● Exercise description:
Leave the pictures out, and transcribe the material below exactly from the line with "Used 1999 Ferrari" to the line with "4th image of 918 Coffee Mill Ln", both lines included.

● The records:
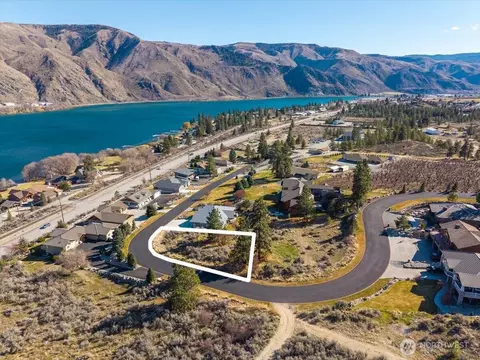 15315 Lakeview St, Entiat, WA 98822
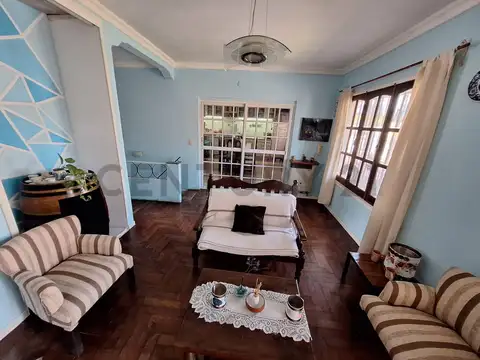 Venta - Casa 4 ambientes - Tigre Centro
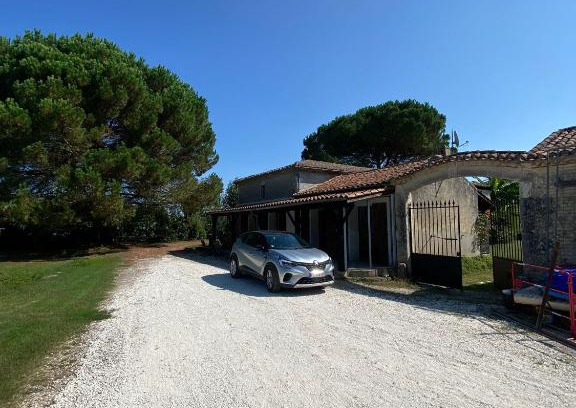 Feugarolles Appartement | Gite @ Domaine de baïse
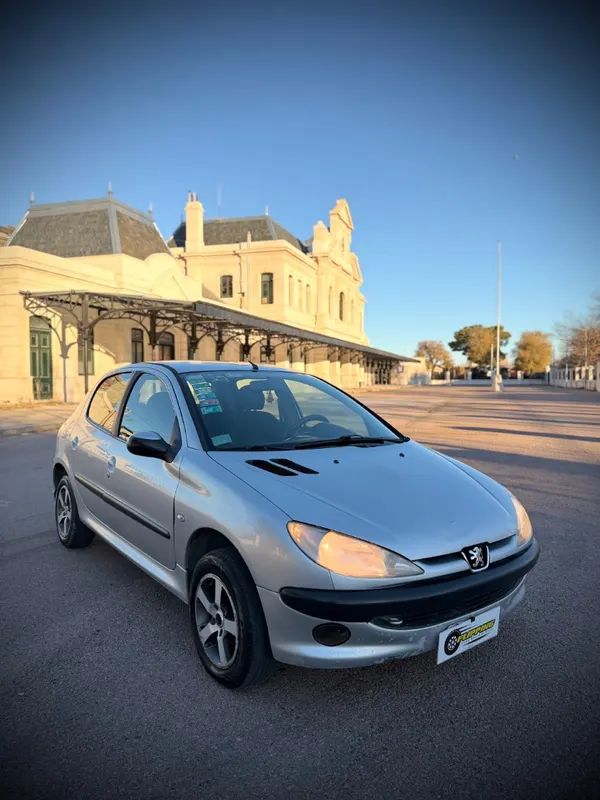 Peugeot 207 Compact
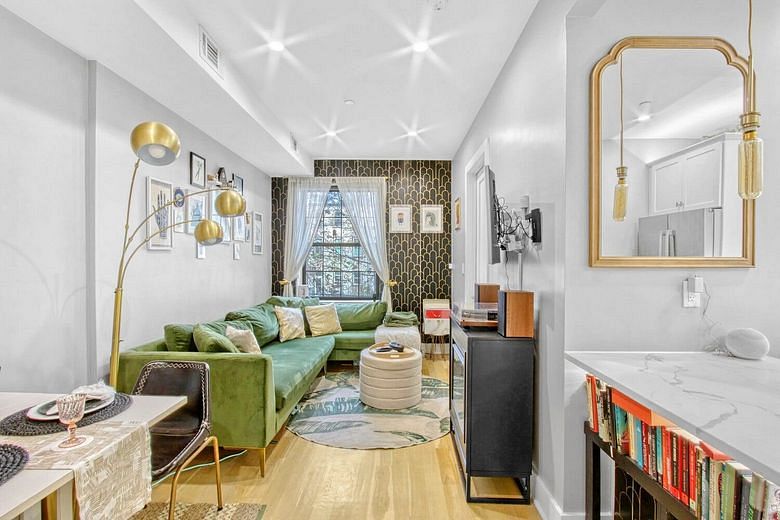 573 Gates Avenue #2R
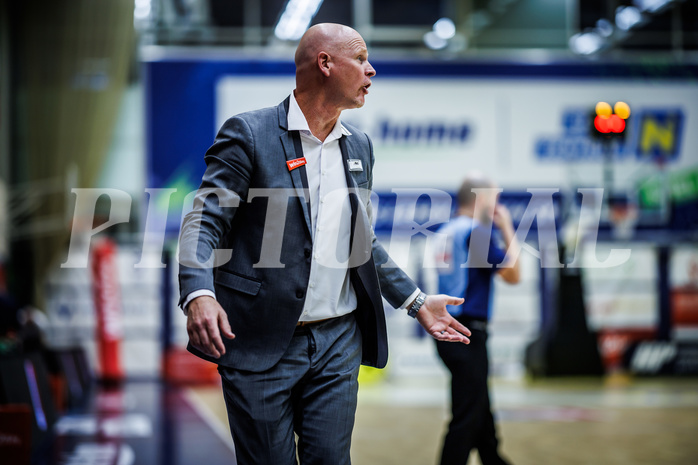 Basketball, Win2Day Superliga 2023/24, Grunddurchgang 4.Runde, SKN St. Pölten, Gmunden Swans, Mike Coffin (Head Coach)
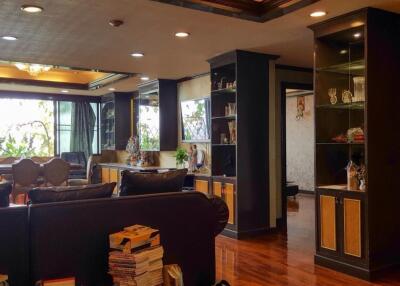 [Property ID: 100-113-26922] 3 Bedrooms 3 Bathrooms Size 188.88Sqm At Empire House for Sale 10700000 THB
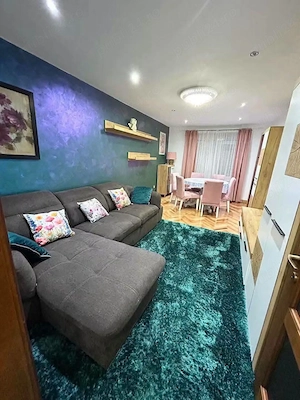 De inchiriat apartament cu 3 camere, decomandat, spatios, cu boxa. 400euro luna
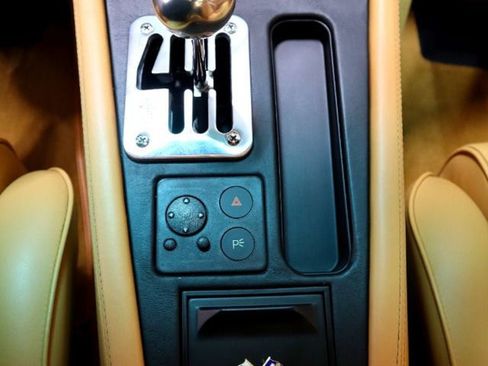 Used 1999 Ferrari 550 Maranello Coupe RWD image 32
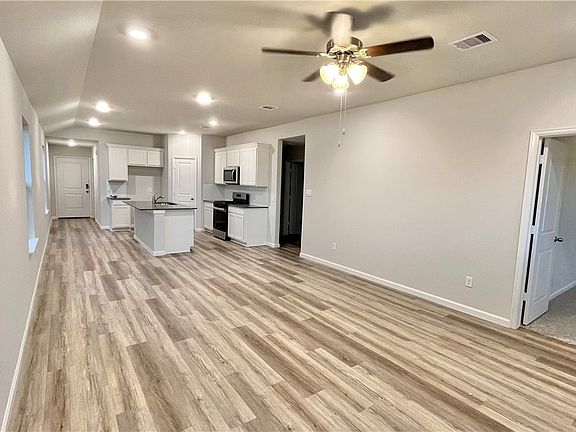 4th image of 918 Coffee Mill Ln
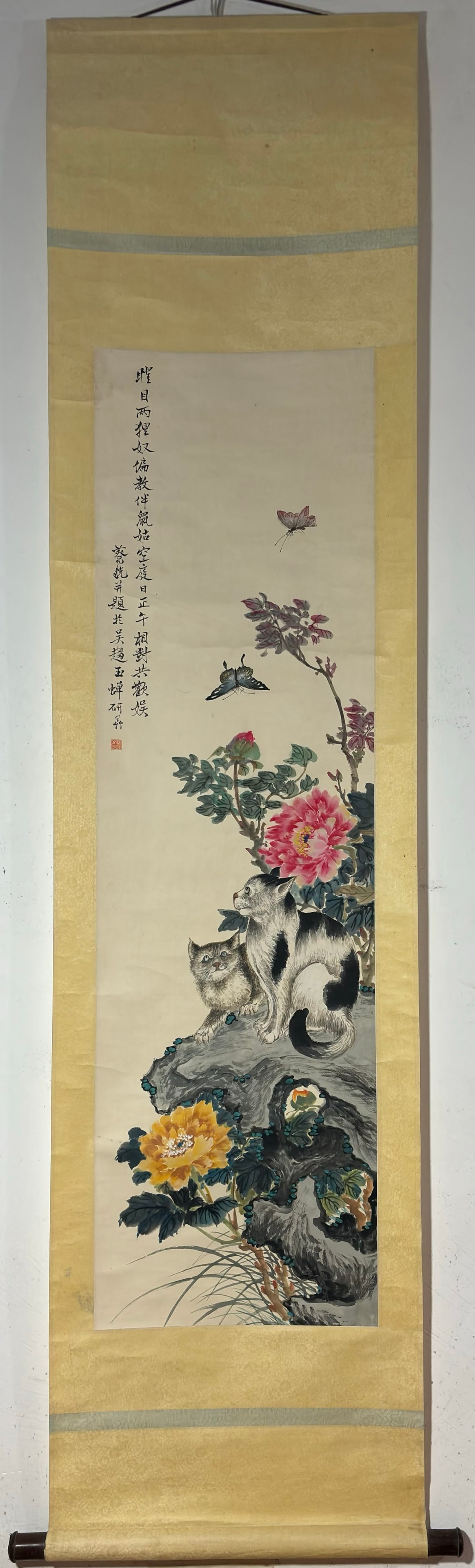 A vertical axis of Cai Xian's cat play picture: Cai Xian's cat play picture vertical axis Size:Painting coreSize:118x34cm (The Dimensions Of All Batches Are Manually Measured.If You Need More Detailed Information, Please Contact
==
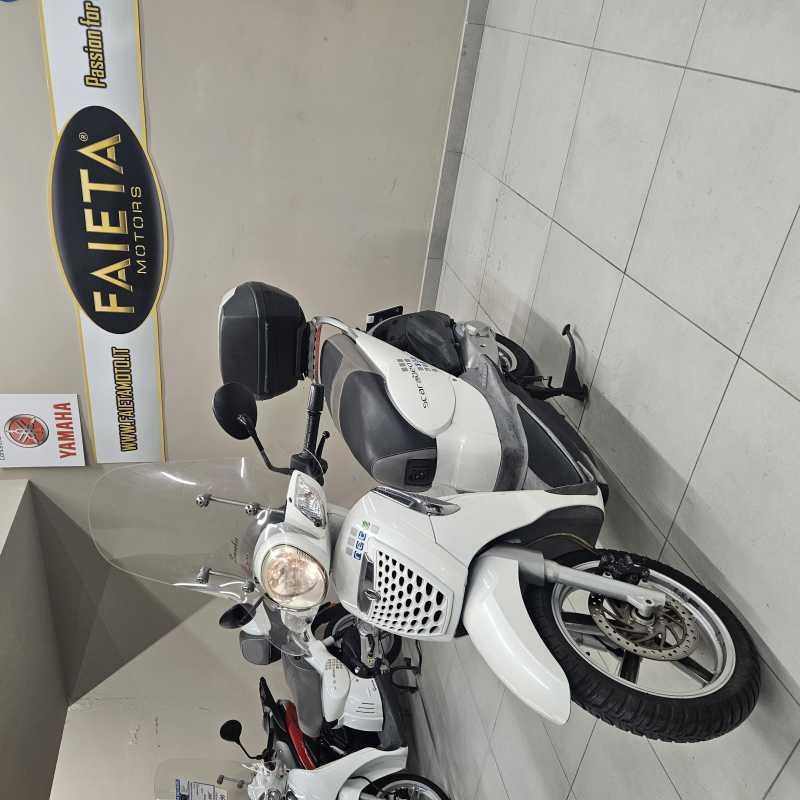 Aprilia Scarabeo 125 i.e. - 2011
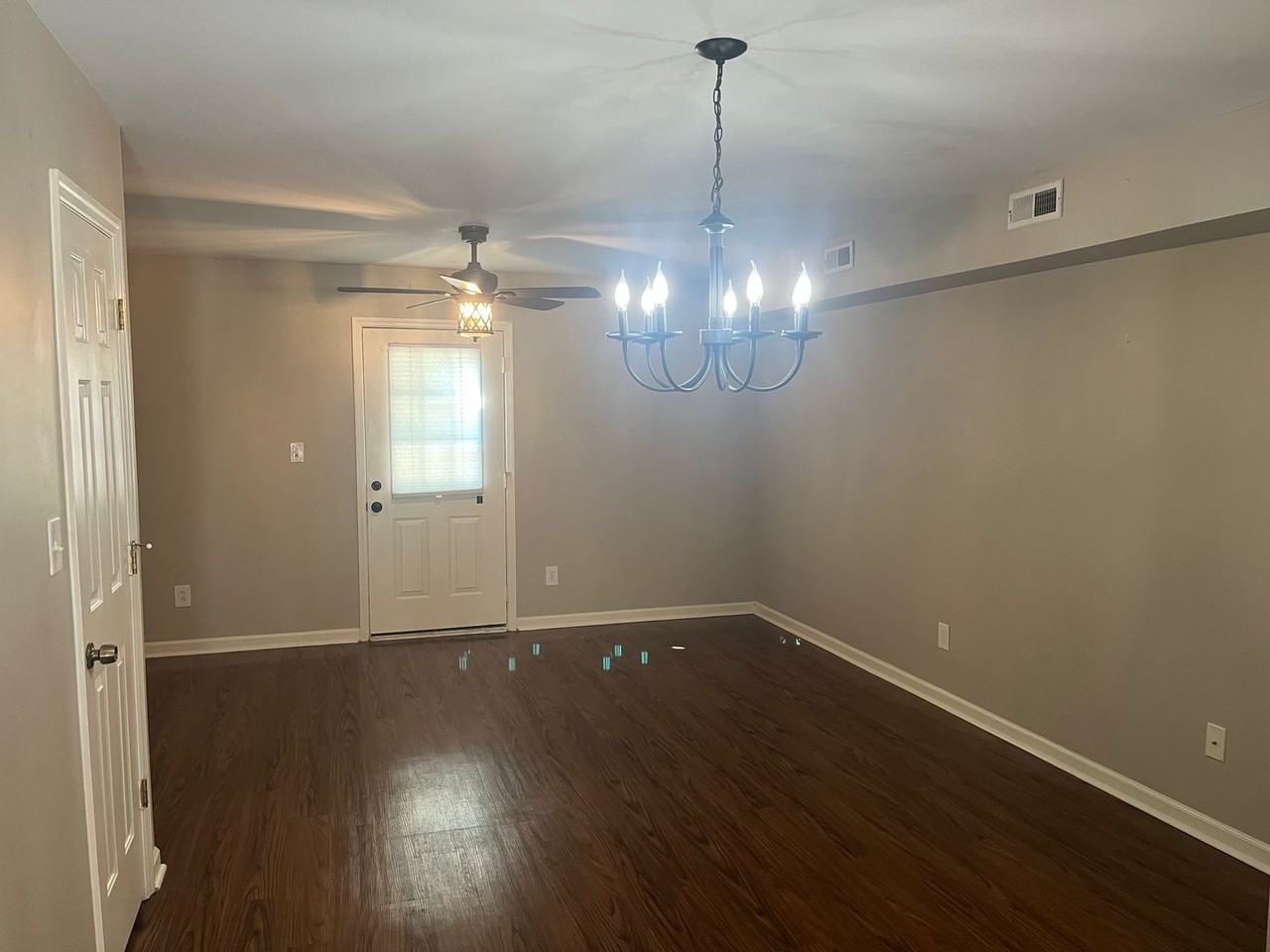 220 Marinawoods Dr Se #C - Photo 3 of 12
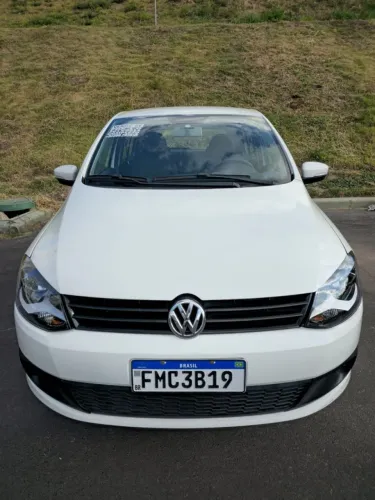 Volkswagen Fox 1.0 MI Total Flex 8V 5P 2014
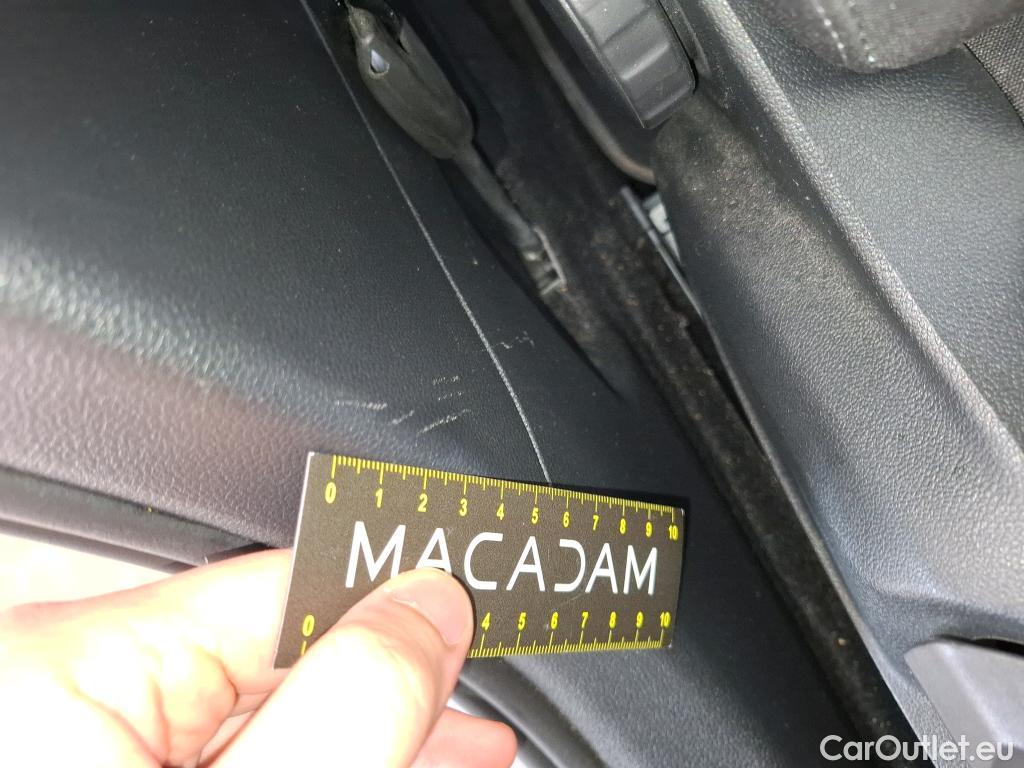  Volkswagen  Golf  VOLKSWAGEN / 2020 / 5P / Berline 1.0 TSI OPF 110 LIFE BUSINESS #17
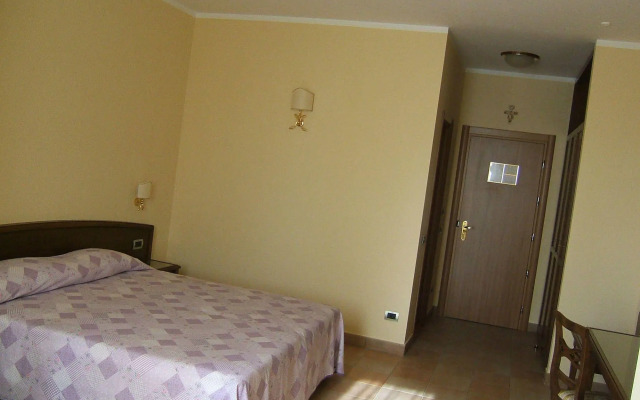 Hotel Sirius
--
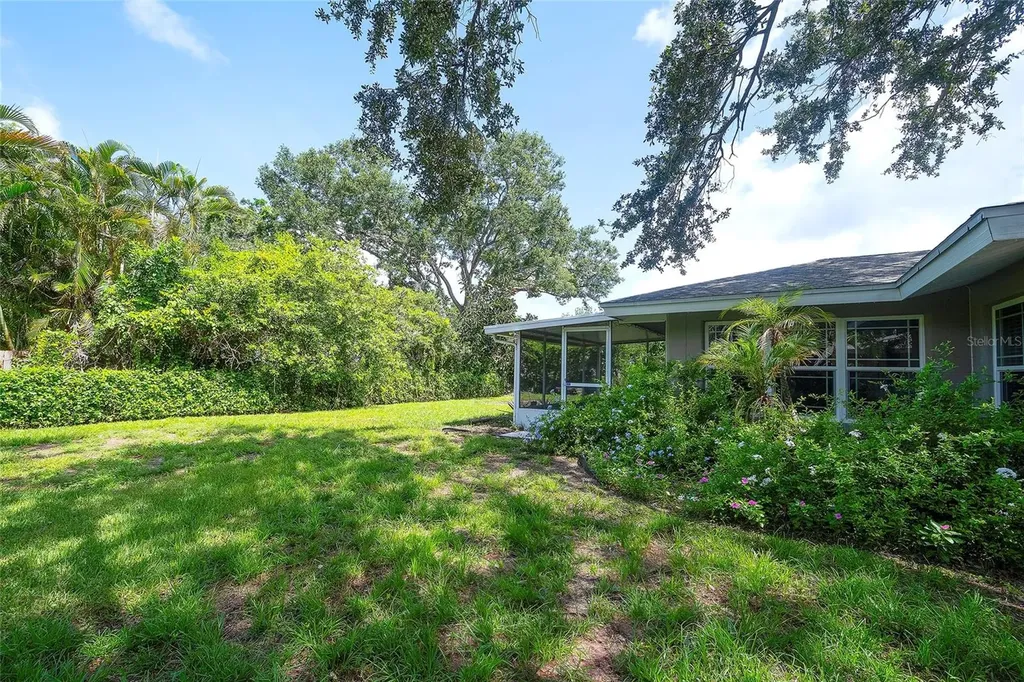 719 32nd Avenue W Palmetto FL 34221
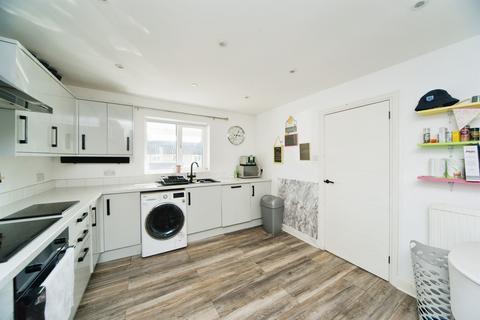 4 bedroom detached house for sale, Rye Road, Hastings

● Output below:
 Used 1999 Ferrari 550 Maranello Coupe RWD image 32
 4th image of 918 Coffee Mill Ln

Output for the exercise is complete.